* _TASK TO COMPLETE_:
Please write the listing below out again exactly, leaving every picture behind.

* _EXTRACTED RECORDS_:
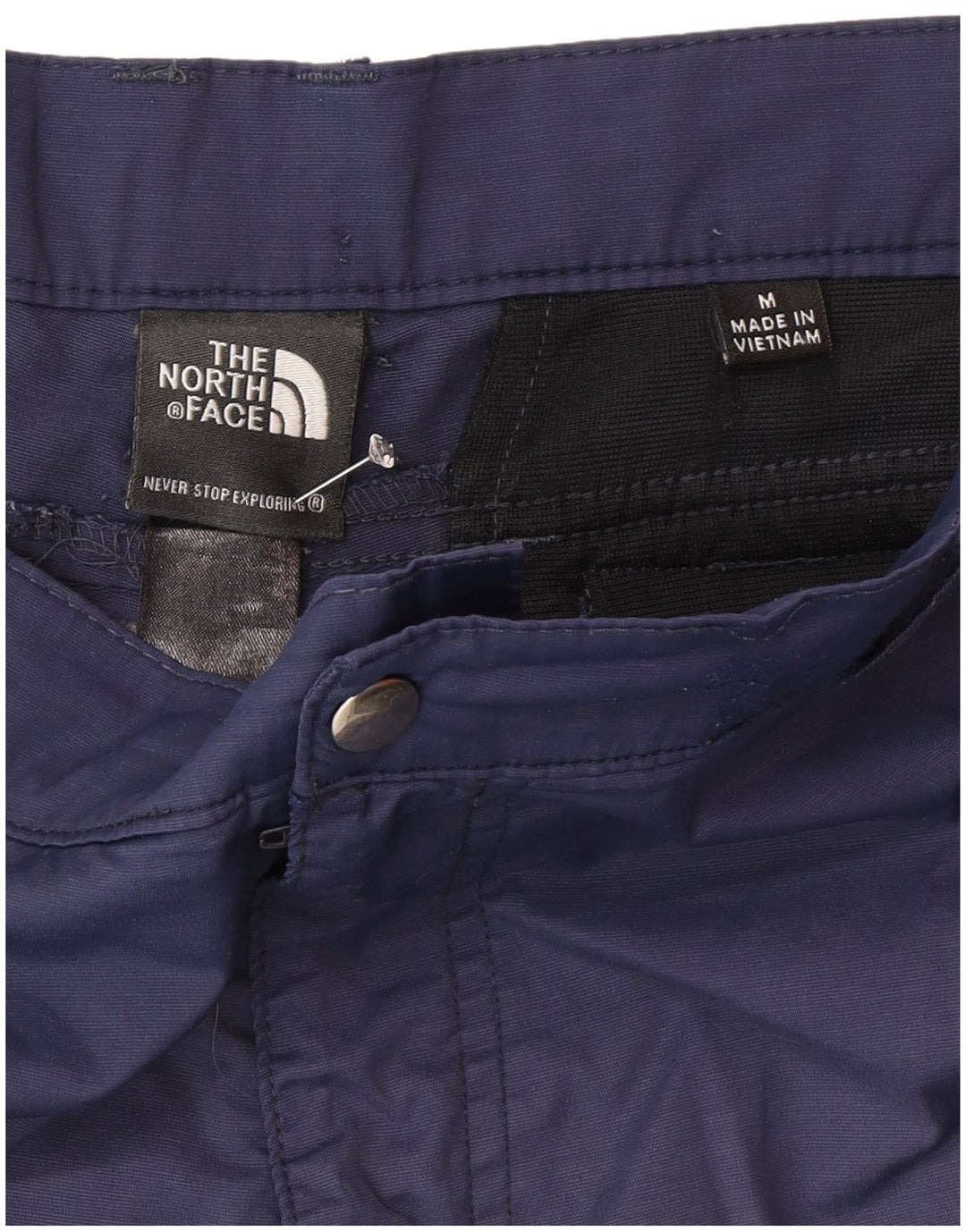 The North Face Herren-Cargoshorts Medium W36 Marineblaues Polyester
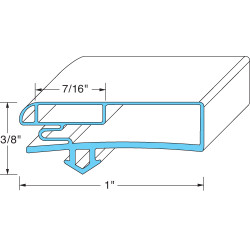 Door Gasket Replaces Anthony 02-14160-2017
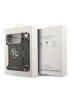 Guess для iPhone 17 Pro чехол Crossbody PU 4G Big metal logo Gold camera Hard + Strap Black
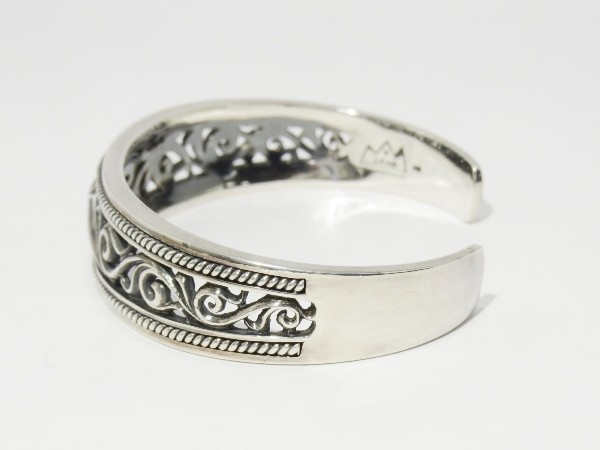 SAAD 太陽神 アラベスク バングル シルバー925 SAAD サード バングル 太陽神 アラベスク オープンワーク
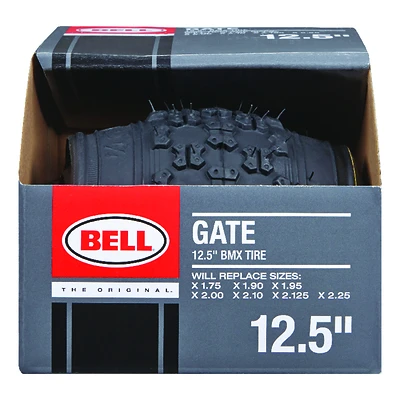 12.5-Inch Black BMX Bike Tire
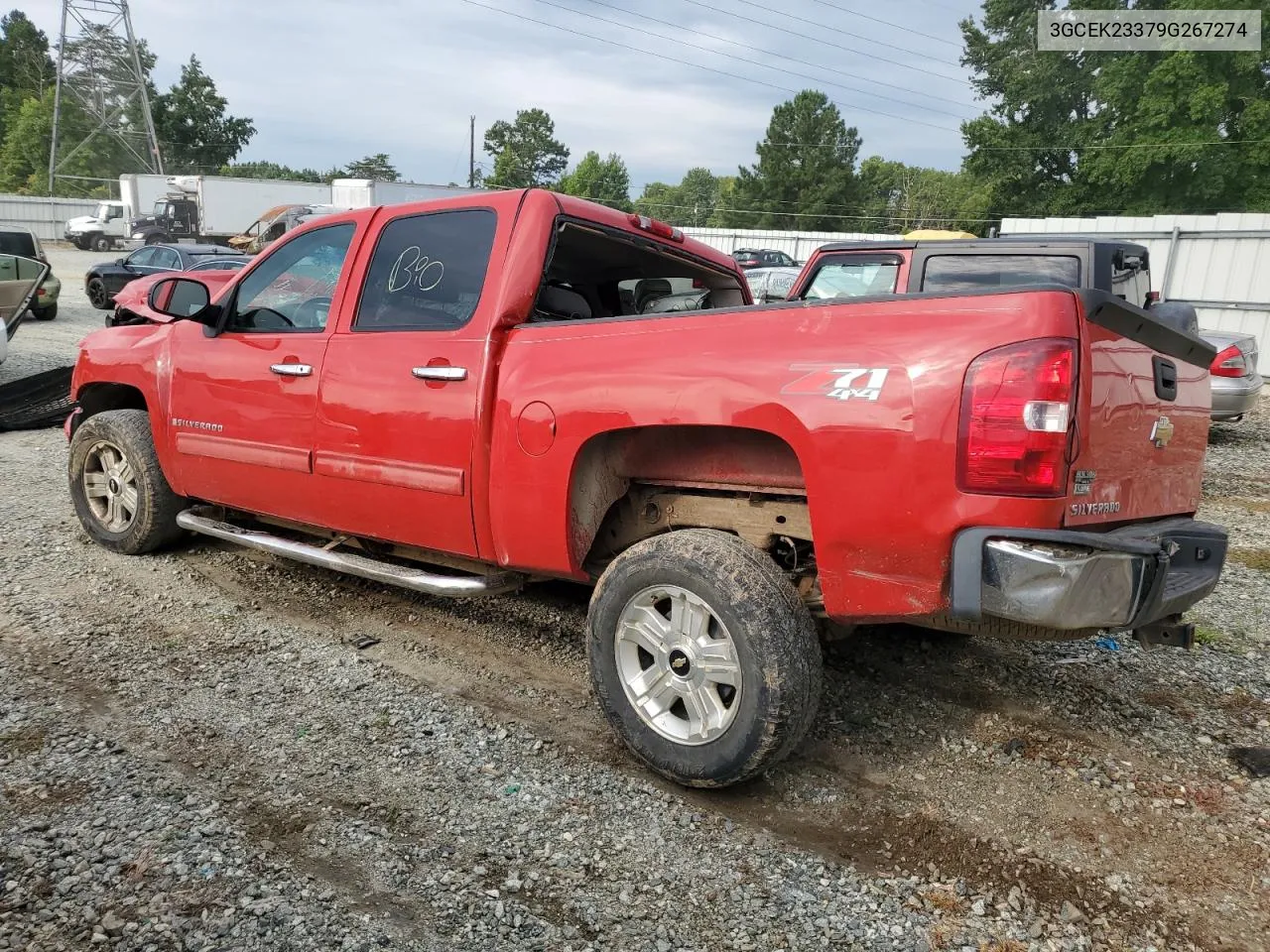 2009 Chevrolet Silverado K1500 Lt VIN: 3GCEK23379G267274 Lot: 66571954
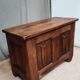 Oak chest with towel pleats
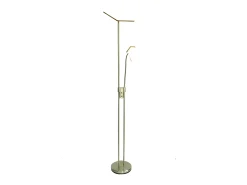 Pie De Salon Betelgeuse Cuero Satinado Led Dimable 5w+18w 4000k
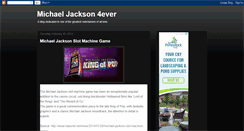 Desktop Screenshot of michael-jackson-4ever.blogspot.com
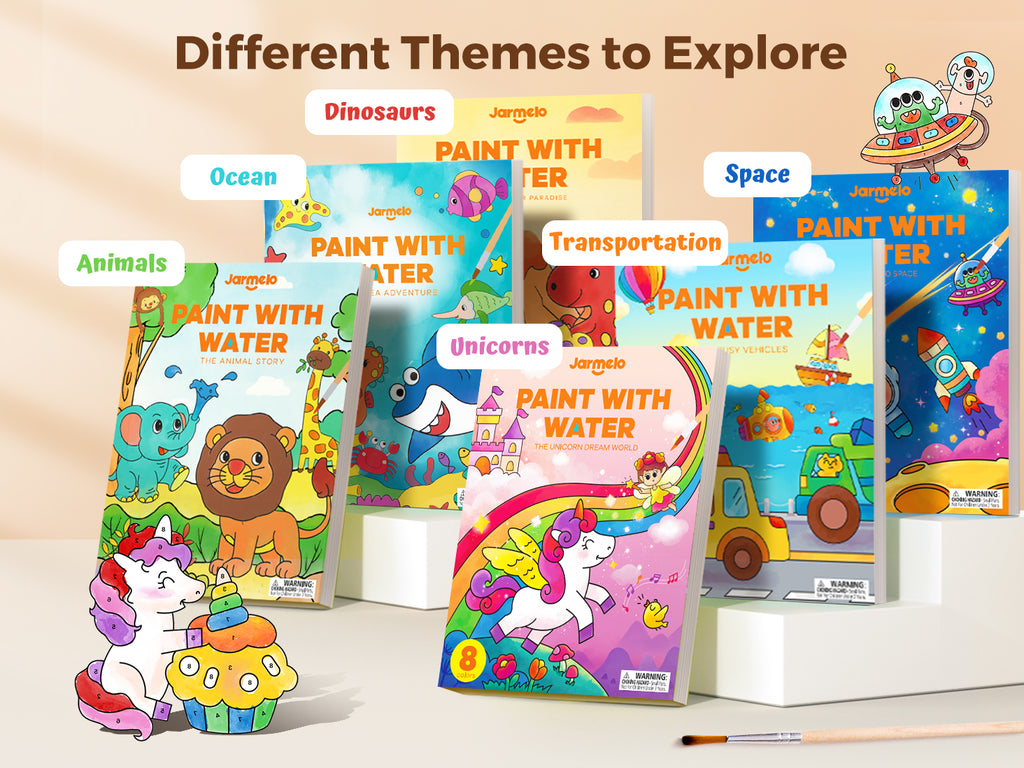 Jarmelo - Paint with Water Books - Exploring Space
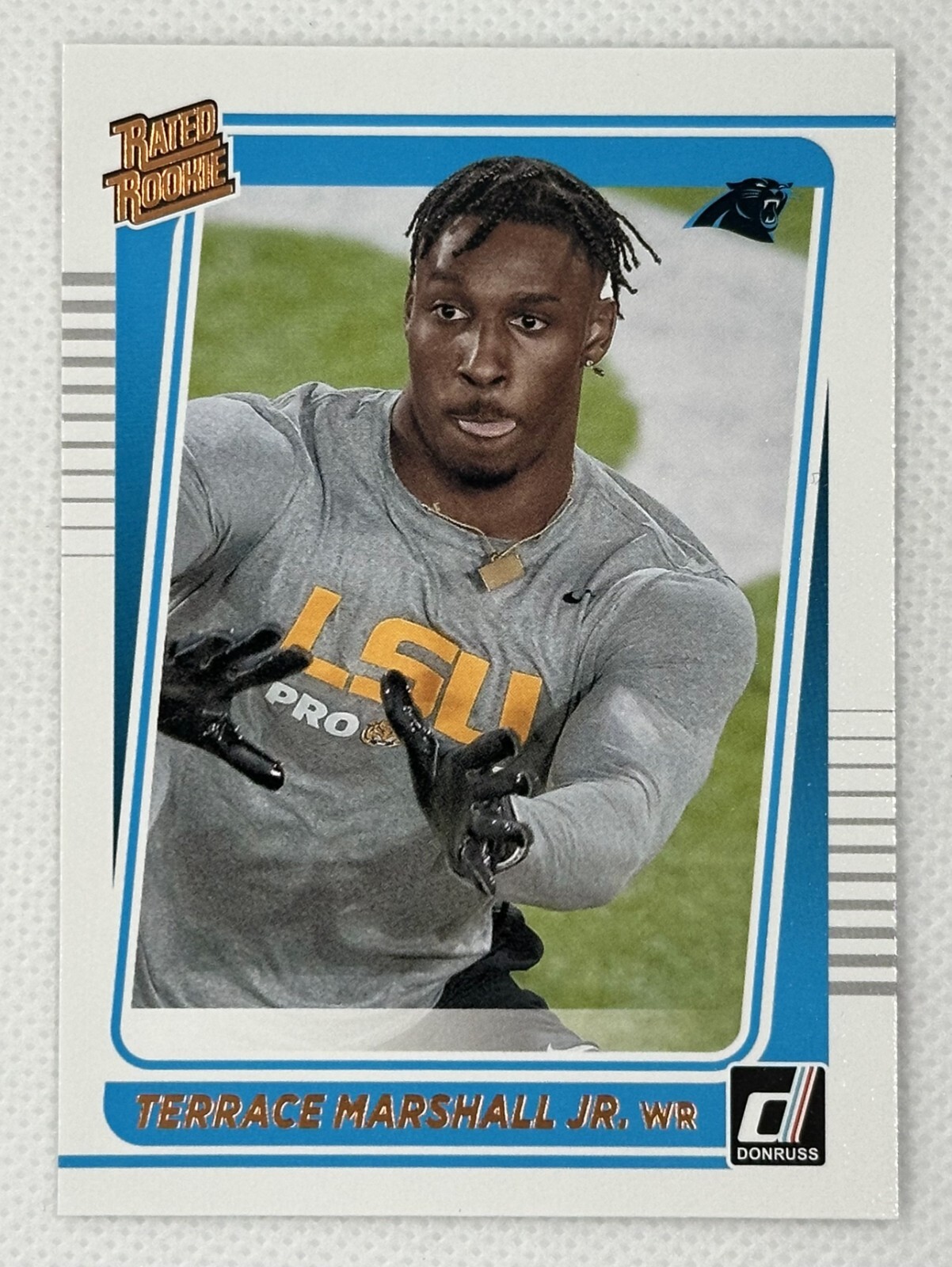 2021 Donruss - Rated Rookies Portrait #266 TERRACE MARSHALL JR. RC Carolina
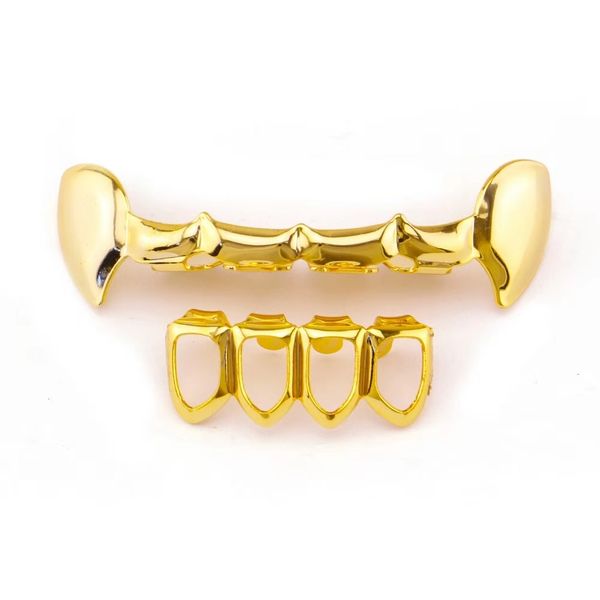 hip hop tiger upper teeth grillz real gold plated hollow dental grills rapper body jewelry four colors golden silver rose gold gun black
hip hop tiger upper teeth grillz real gold plated hollow dental grills rapper body jewelry four colors golden silver rose gold gun black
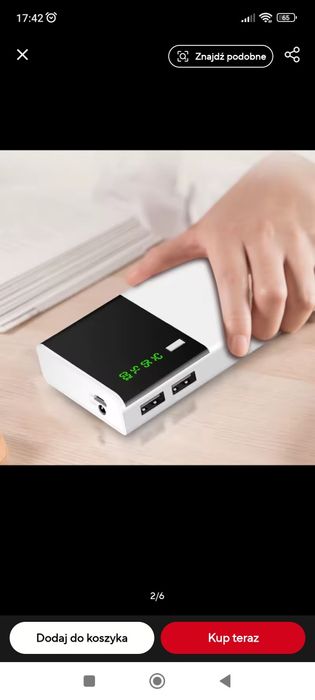 Powerbank 20.000 mAh + Ładowarka 65 Wat Gratis !!!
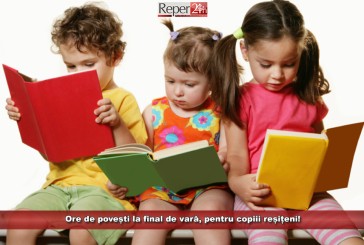 Ore de povești la final de vară, pentru copiii reșițeni!
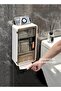 Tissue Box Holder Wall Mounted Bathroom Organizer Storage Rack Tissue & Paper Towel Holder - 8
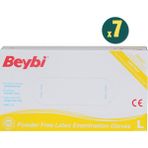 Beybi Pudrasız Lateks Muayene Eldiveni Large 100 Adet 7 Kutu
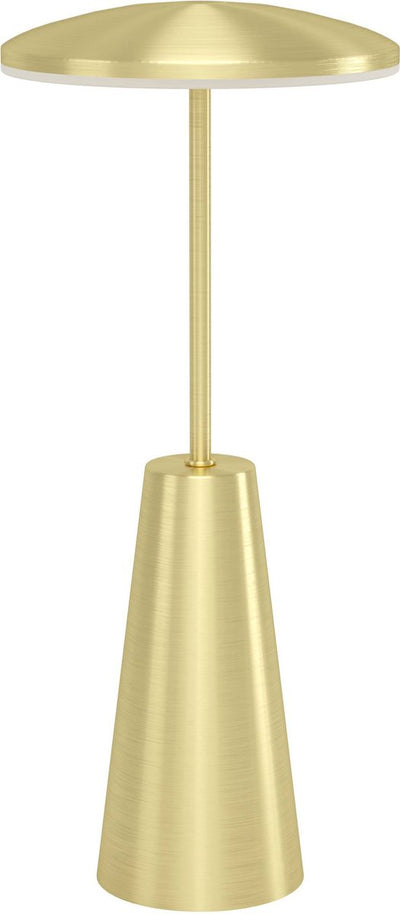 Lampe de table Eglo piccola - variateur tactile - sans fil - 28 cm - or - lumière blanche orientable - rechargeable - extérieur et intérieur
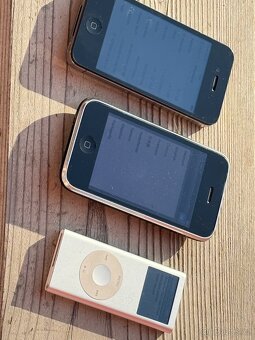 Iphone 3Gs + Iphone 4 32GB + ipod nano 2GB - 3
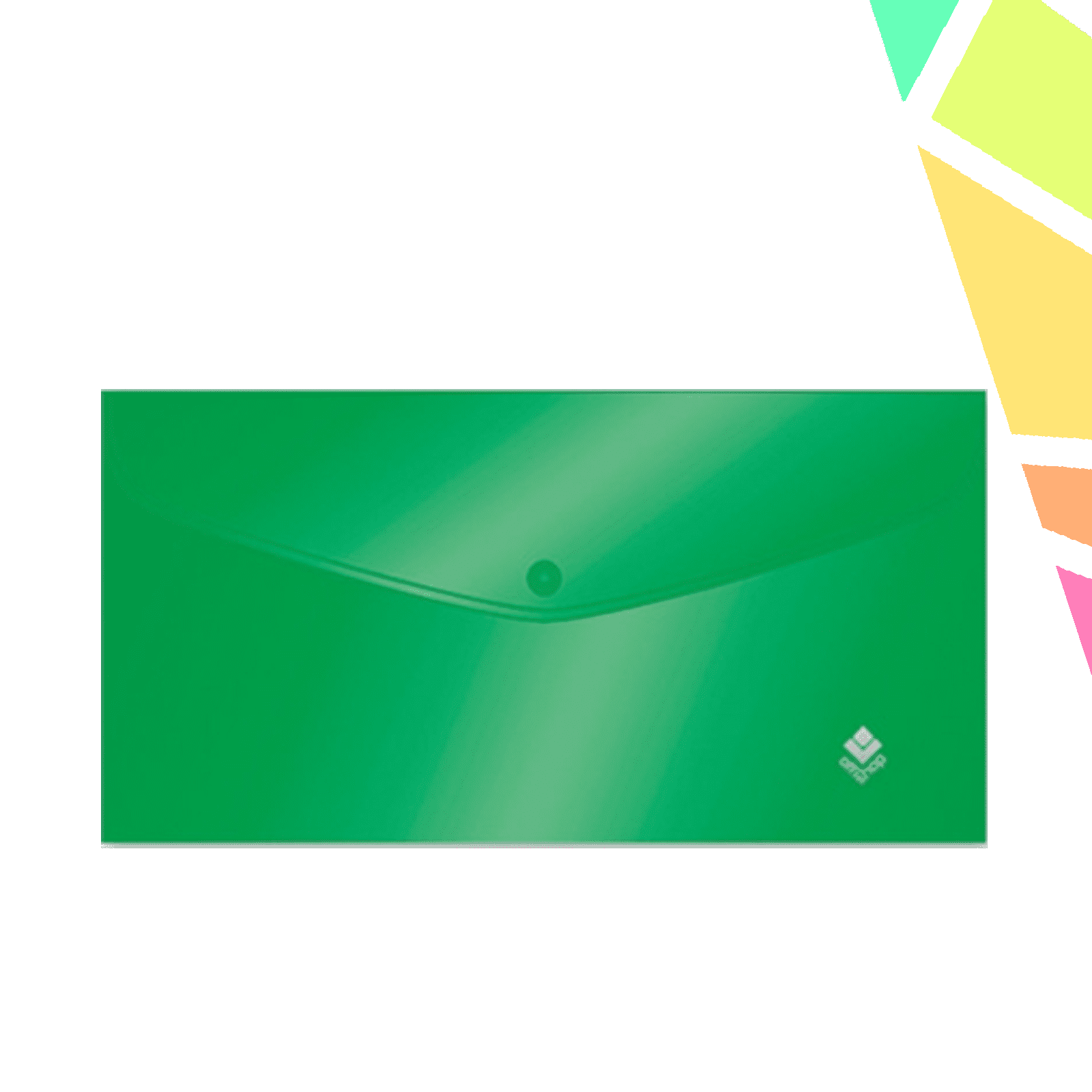 Mapa DL cu buton, 125x225mm - OFFISHOP - imagine 1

* _ANSWER FOR THE TASK_:
 The North Face Herren-Cargoshorts Medium W36 Marineblaues Polyester
 Door Gasket Replaces Anthony 02-14160-2017
 Guess для iPhone 17 Pro чехол Crossbody PU 4G Big metal logo Gold camera Hard + Strap Black
 SAAD 太陽神 アラベスク バングル シルバー925 SAAD サード バングル 太陽神 アラベスク オープンワーク
 12.5-Inch Black BMX Bike Tire
 2009 Chevrolet Silverado K1500 Lt VIN: 3GCEK23379G267274 Lot: 66571954
 Oak chest with towel pleats
 Pie De Salon Betelgeuse Cuero Satinado Led Dimable 5w+18w 4000k
 Desktop Screenshot of michael-jackson-4ever.blogspot.com
 Jarmelo - Paint with Water Books - Exploring Space
 2021 Donruss - Rated Rookies Portrait #266 TERRACE MARSHALL JR. RC Carolina
 hip hop tiger upper teeth grillz real gold plated hollow dental grills rapper body jewelry four colors golden silver rose gold gun black
hip hop tiger upper teeth grillz real gold plated hollow dental grills rapper body jewelry four colors golden silver rose gold gun black
 Powerbank 20.000 mAh + Ładowarka 65 Wat Gratis !!!
 Ore de povești la final de vară, pentru copiii reșițeni!
 Tissue Box Holder Wall Mounted Bathroom Organizer Storage Rack Tissue & Paper Towel Holder - 8
 Beybi Pudrasız Lateks Muayene Eldiveni Large 100 Adet 7 Kutu
 Lampe de table Eglo piccola - variateur tactile - sans fil - 28 cm - or - lumière blanche orientable - rechargeable - extérieur et intérieur
 Iphone 3Gs + Iphone 4 32GB + ipod nano 2GB - 3
 Mapa DL cu buton, 125x225mm - OFFISHOP - imagine 1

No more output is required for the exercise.